# Lesson 4 Batch Processing and Tracking

Congratulations, you've just completed an awesome image processing pipeline that takes an image and does something rather useful. You've tested it a few times and you're happy with the results. 

Now maybe you need to apply the same operation to 1000 images. Maybe you need to apply them to 20 datasets with slightly different parameters. Maybe you need to aggregate information across the results of each processed image to make your conclusions. These needs can be addressed by applying your pipeline with batch processing. In this lesson, you will learn:

1. Two batch processing strategies and their advantages & disadvantages
    - EPISODE 1: Vertical strategy
    - EPISODE 2: Horizontal strategy
    - EPISODE 3: Memory management
2. Cell tracking approach and measurements
    - EPISODE 4: Cell tracking

## 4.1 Batch processing strategies (vertical and horizontal integration)

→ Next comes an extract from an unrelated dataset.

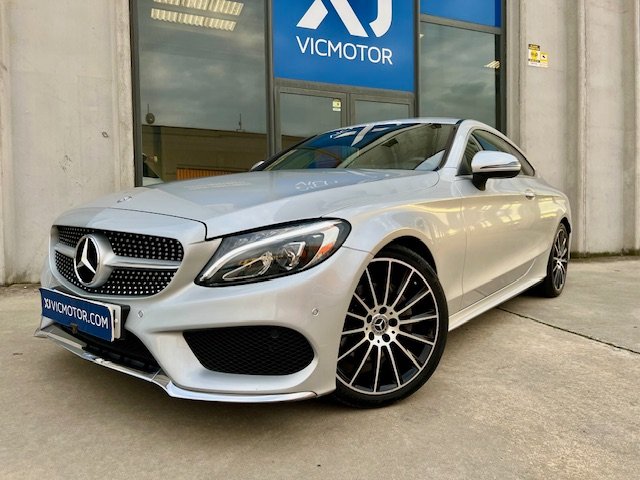 Mercedes-Benz Clase C 2018, foto 13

### 4.1.1 Project aim: batch processing of multiple images


In [1]:
import os
# change the current path to the data path
data_path = "/Users/guolanlu/Desktop/Lesson4/Data/L4Data/ImagesAll";
os.chdir(data_path)
print('The number of images = ',len(os.listdir()))
print(os.listdir()[1:10])


The number of images =  50
['HAC-Cit-KRABdox_w2YFPled_s41_t10.TIF', 'HAC-Cit-KRABdox_w2YFPled_s41_t11.TIF', 'HAC-Cit-KRABdox_w2YFPled_s41_t12.TIF', 'HAC-Cit-KRABdox_w2YFPled_s41_t13.TIF', 'HAC-Cit-KRABdox_w2YFPled_s41_t14.TIF', 'HAC-Cit-KRABdox_w2YFPled_s41_t15.TIF', 'HAC-Cit-KRABdox_w2YFPled_s41_t16.TIF', 'HAC-Cit-KRABdox_w2YFPled_s41_t17.TIF', 'HAC-Cit-KRABdox_w2YFPled_s41_t18.TIF']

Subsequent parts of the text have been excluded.